- [Required work]
Return the lines of the data below, from the one containing "ノースフェイス メンズ ジャケット・ブルゾン" through the very last, exactly and with both ends included; no pictures.

Pictures with short captions:
--------------------------------

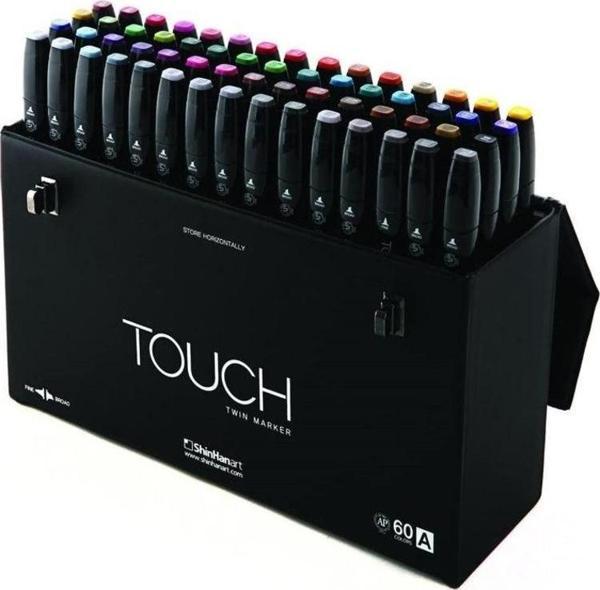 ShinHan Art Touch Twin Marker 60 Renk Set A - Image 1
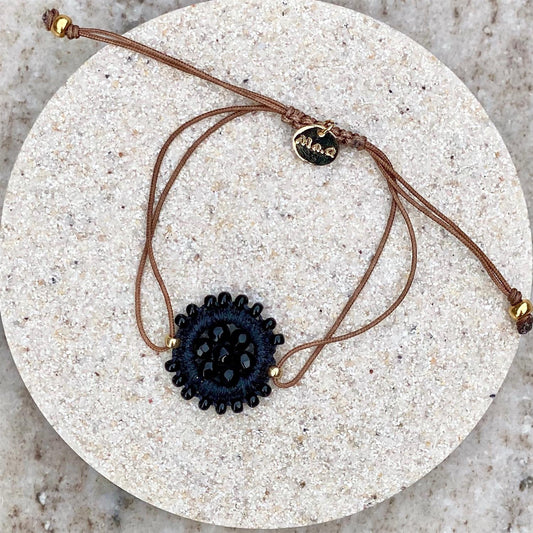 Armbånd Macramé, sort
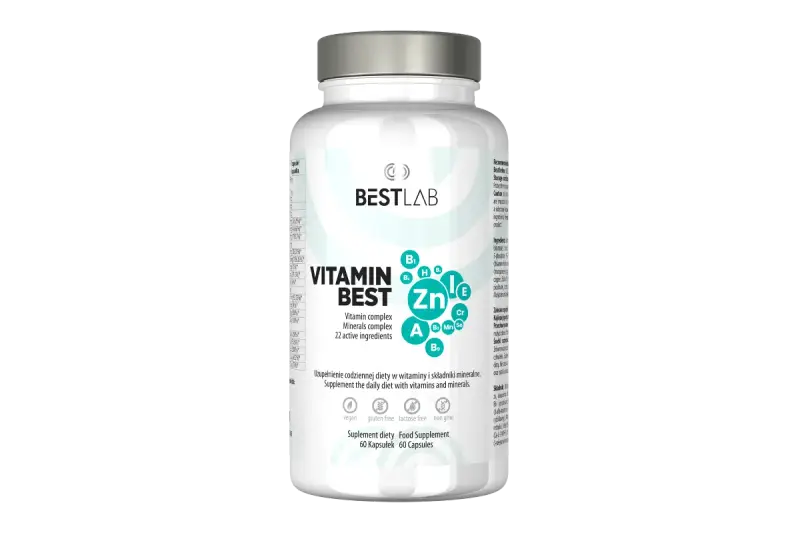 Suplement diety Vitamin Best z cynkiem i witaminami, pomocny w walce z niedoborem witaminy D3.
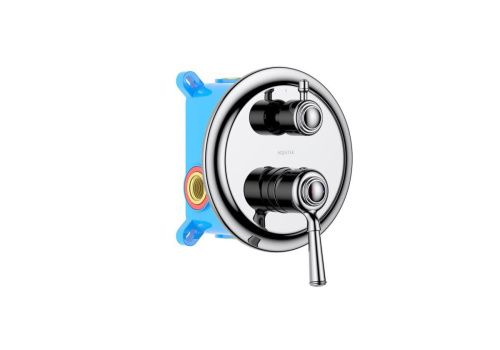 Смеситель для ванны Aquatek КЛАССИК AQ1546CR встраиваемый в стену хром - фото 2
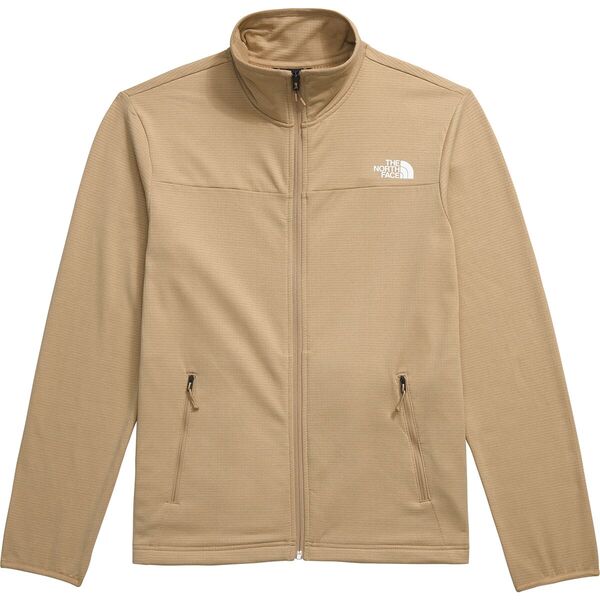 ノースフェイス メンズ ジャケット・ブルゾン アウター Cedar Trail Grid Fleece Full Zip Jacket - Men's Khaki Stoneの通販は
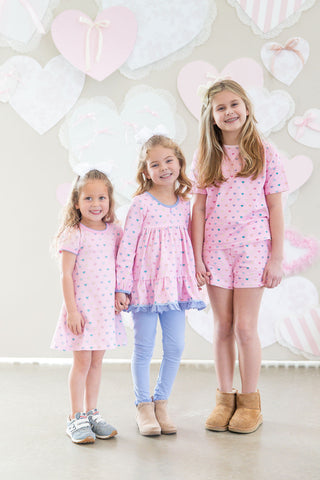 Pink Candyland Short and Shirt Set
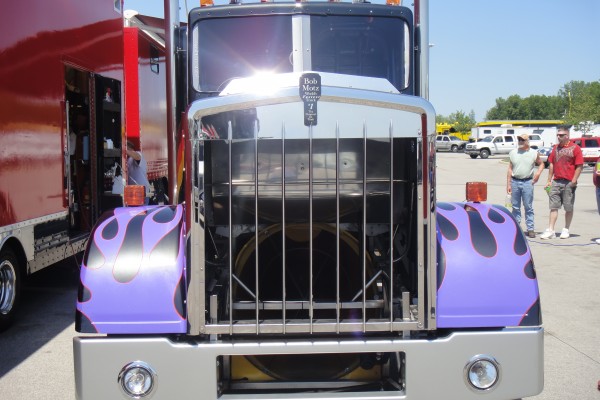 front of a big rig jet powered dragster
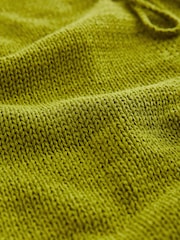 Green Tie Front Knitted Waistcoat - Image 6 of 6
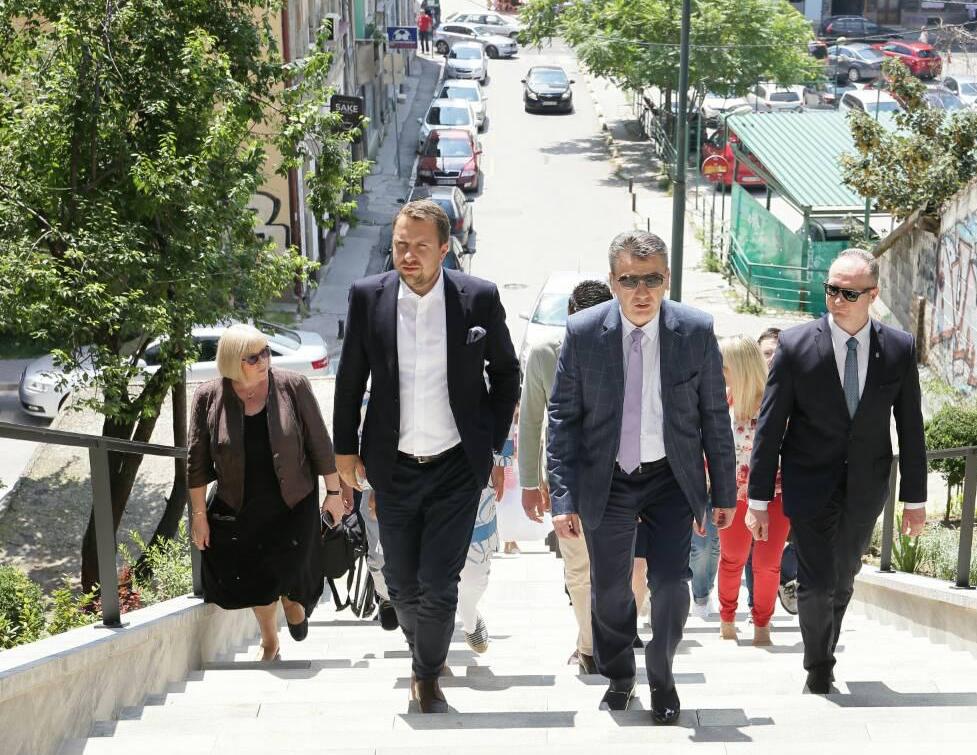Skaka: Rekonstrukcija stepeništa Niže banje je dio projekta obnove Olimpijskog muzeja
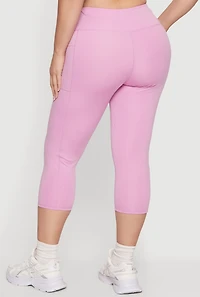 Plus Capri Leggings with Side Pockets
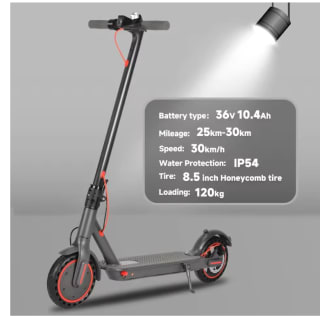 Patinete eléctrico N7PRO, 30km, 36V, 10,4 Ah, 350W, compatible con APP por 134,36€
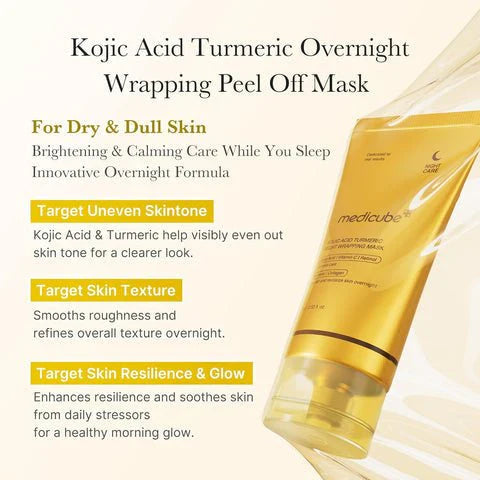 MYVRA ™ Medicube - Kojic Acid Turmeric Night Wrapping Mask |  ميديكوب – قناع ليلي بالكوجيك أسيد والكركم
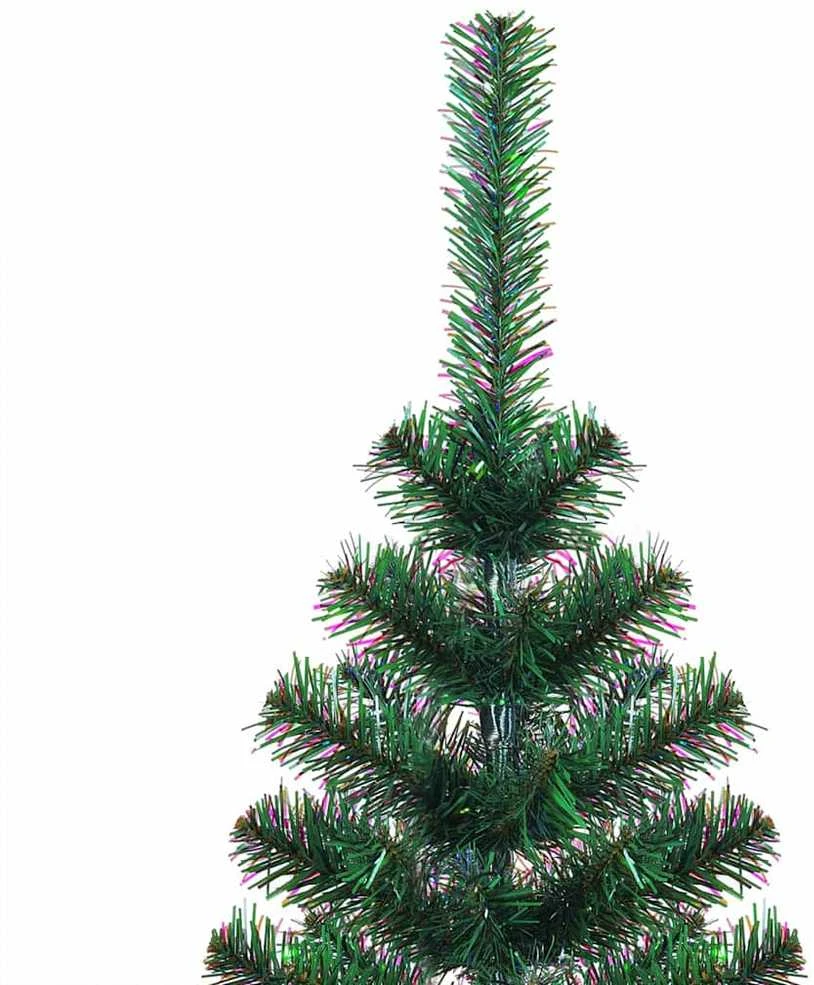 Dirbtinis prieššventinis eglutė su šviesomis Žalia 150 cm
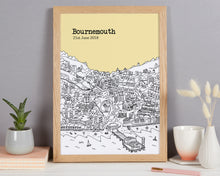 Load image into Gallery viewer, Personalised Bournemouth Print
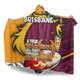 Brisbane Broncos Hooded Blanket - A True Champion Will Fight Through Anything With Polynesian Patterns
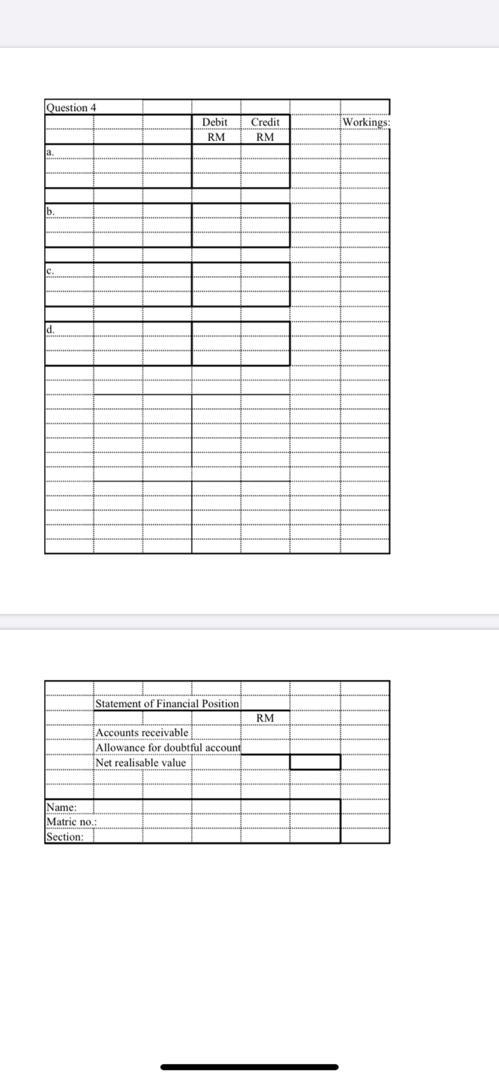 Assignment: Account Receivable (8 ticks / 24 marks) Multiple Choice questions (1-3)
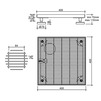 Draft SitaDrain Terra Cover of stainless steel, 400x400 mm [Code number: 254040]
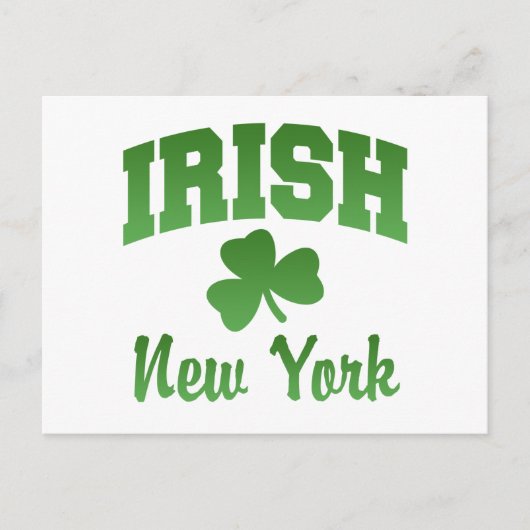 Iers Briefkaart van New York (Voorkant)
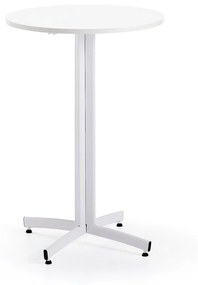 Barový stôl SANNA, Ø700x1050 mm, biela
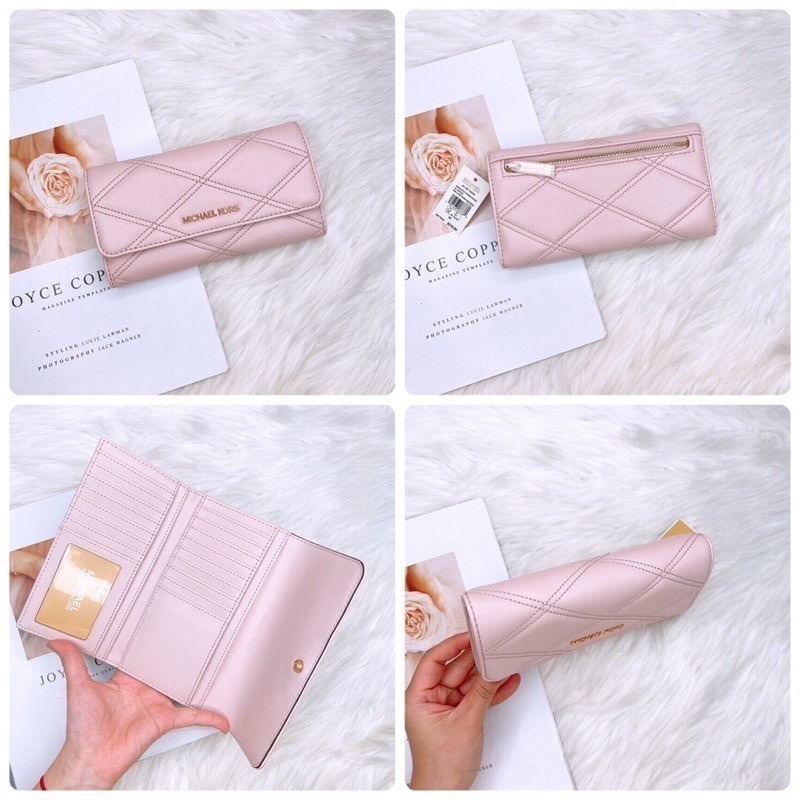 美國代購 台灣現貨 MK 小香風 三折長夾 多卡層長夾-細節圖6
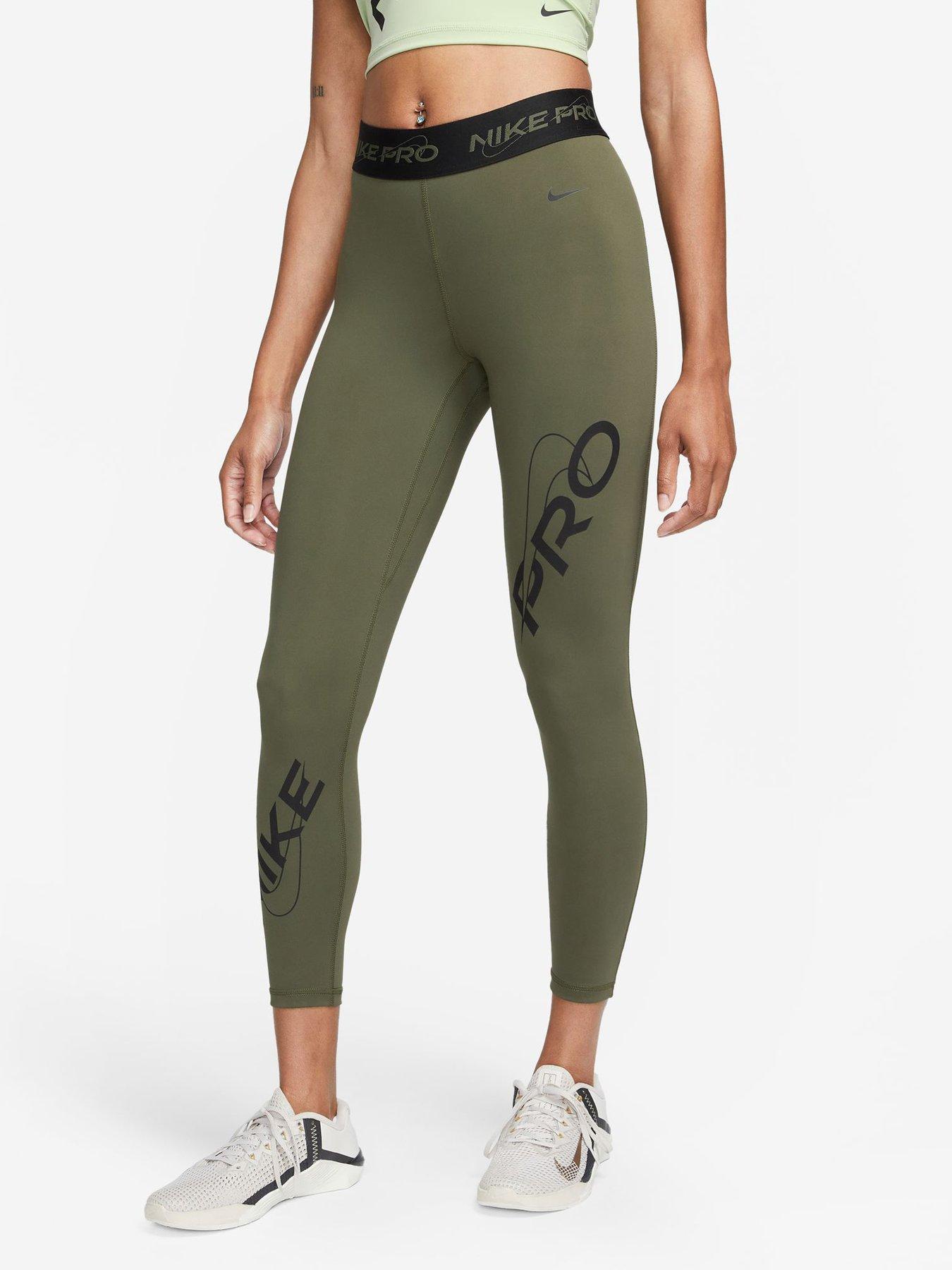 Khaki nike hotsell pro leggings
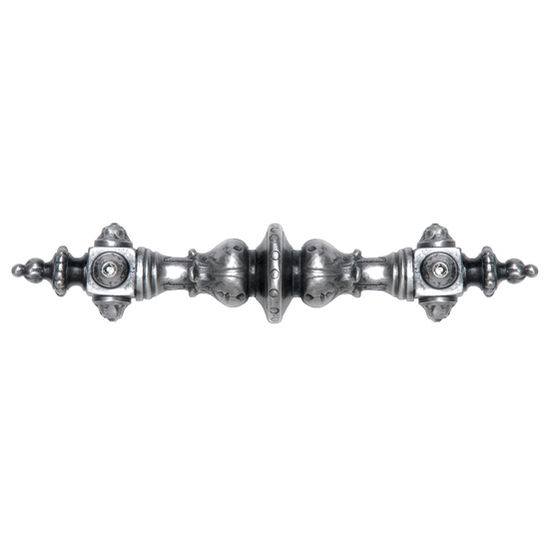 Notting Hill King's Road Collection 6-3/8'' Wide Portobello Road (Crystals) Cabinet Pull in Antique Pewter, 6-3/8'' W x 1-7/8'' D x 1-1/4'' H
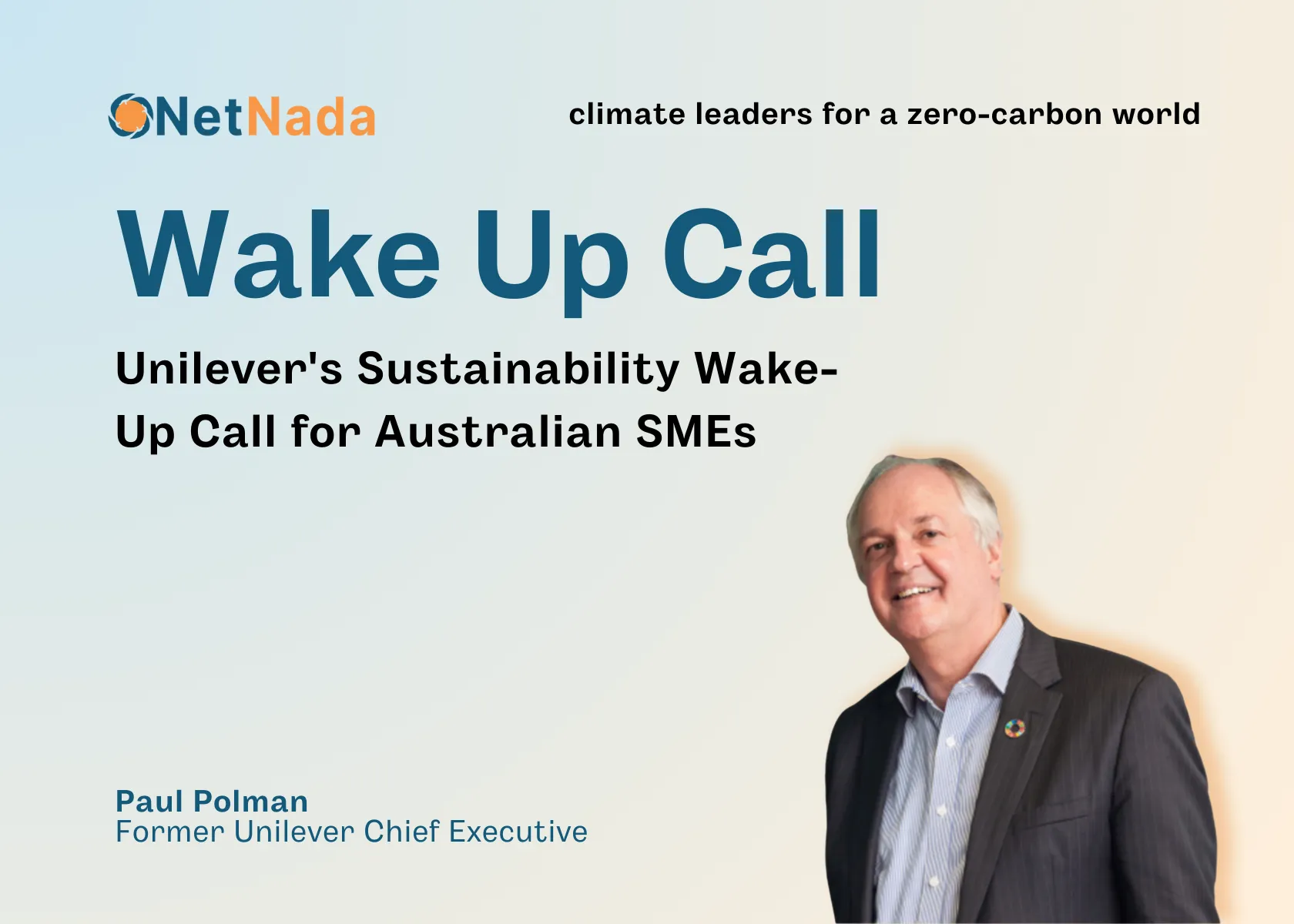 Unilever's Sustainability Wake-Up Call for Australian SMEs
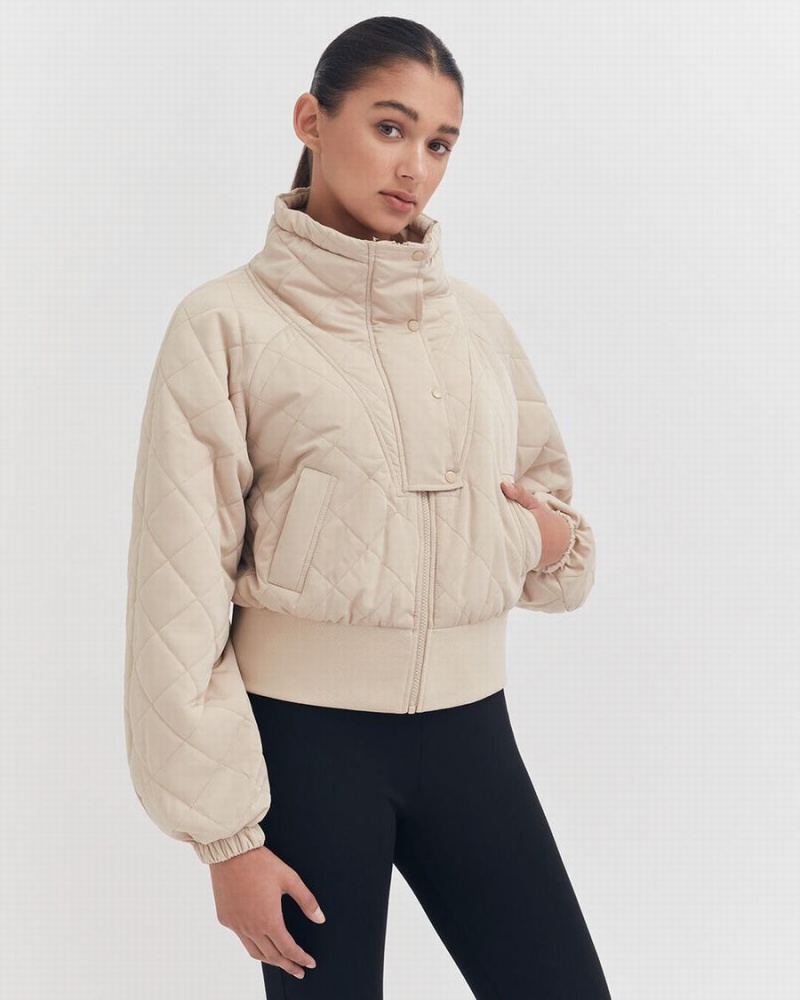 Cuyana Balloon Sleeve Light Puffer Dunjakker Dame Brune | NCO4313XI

--------------------------------

- [Task response]
 ノースフェイス メンズ ジャケット・ブルゾン アウター Cedar Trail Grid Fleece Full Zip Jacket - Men's Khaki Stoneの通販は
 Pink Candyland Short and Shirt Set
 front of a big rig jet powered dragster
 Green Tie Front Knitted Waistcoat - Image 6 of 6
Skaka: Rekonstrukcija stepeništa Niže banje je dio projekta obnove Olimpijskog muzeja
 Plus Capri Leggings with Side Pockets
 Patinete eléctrico N7PRO, 30km, 36V, 10,4 Ah, 350W, compatible con APP por 134,36€
 MYVRA ™ Medicube - Kojic Acid Turmeric Night Wrapping Mask |  ميديكوب – قناع ليلي بالكوجيك أسيد والكركم
 Dirbtinis prieššventinis eglutė su šviesomis Žalia 150 cm
 Load image into Gallery viewer, Personalised Bournemouth Print
 Brisbane Broncos Hooded Blanket - A True Champion Will Fight Through Anything With Polynesian Patterns
 Assignment: Account Receivable (8 ticks / 24 marks) Multiple Choice questions (1-3)
 Draft SitaDrain Terra Cover of stainless steel, 400x400 mm [Code number: 254040]
 Iers Briefkaart van New York (Voorkant)
 Barový stôl SANNA, Ø700x1050 mm, biela
 美國代購 台灣現貨 MK 小香風 三折長夾 多卡層長夾-細節圖6
 Khaki nike hotsell pro leggings
 Notting Hill King's Road Collection 6-3/8'' Wide Portobello Road (Crystals) Cabinet Pull in Antique Pewter, 6-3/8'' W x 1-7/8'' D x 1-1/4'' H
 Unilever's Sustainability Wake-Up Call for Australian SMEs
 Cuyana Balloon Sleeve Light Puffer Dunjakker Dame Brune | NCO4313XI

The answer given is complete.